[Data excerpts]

________________________

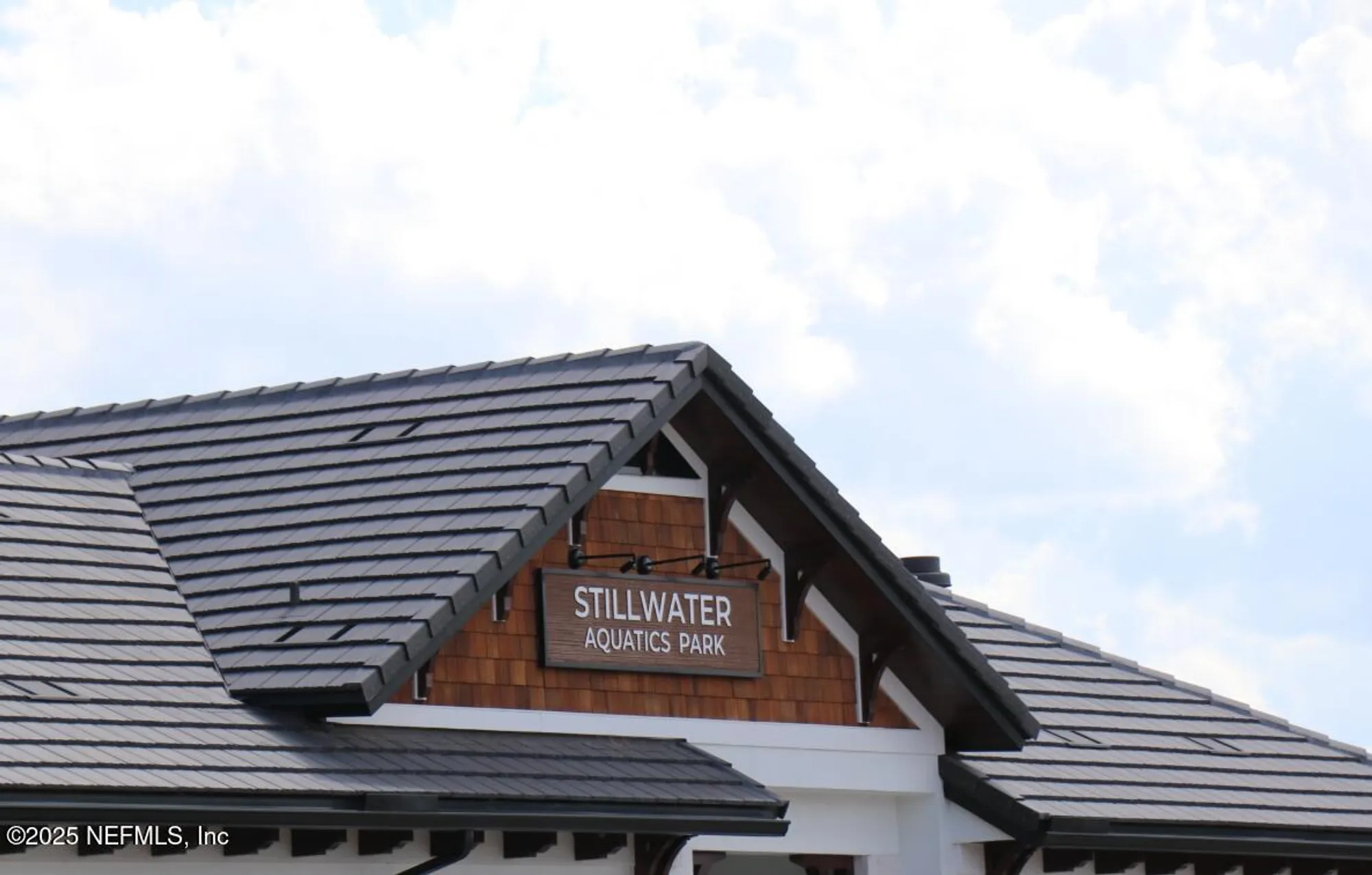 Property Slideshow image 8 of 36 | 138 dogleg run, St Johns, FL, 32259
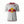 New York Red Bulls 2015 Adidas Local Chica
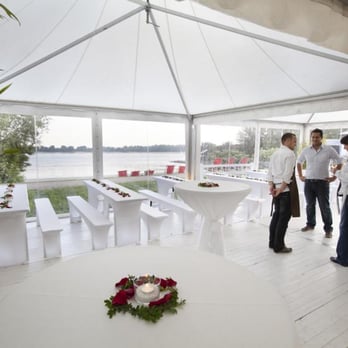 Elbe1 - Steakhouses Near Me - Wedel, SH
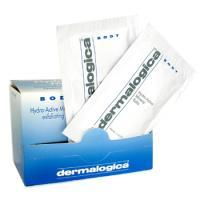 Dermalogica by Dermalogica Dermalogica SPA Hydro-Active Mineral Salts--28gx12packsdermalogica 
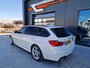 BMW 3-Serie Touring 316i Executive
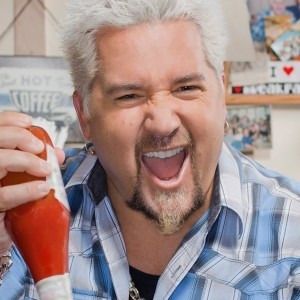 The Truth Behind 'Diners, Drive-Ins and Dives'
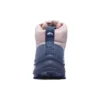 Max Protect Legacy Schuhe «Pink Blue»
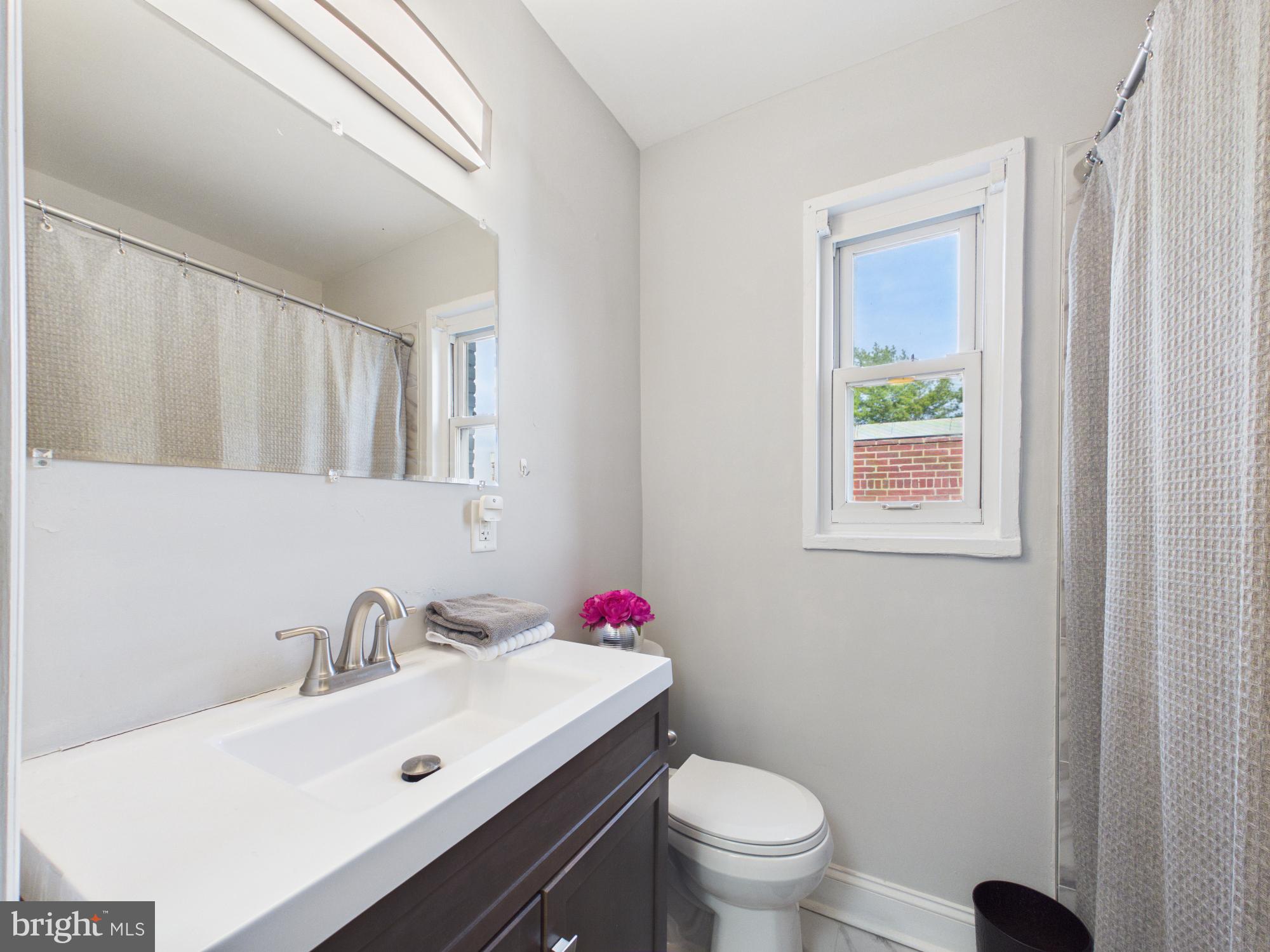 70 Darrington Street Southwest Washington, DC 20032 - Photo 13 of 36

________________________

**WHAT TO WORK ON:** Only the lines from the one containing "The Truth Behind" through the last line of the records above should be repeated, exactly and without pictures.

**EXERCISE ANSWER:**
 The Truth Behind 'Diners, Drive-Ins and Dives'
 Max Protect Legacy Schuhe «Pink Blue»
 70 Darrington Street Southwest Washington, DC 20032 - Photo 13 of 36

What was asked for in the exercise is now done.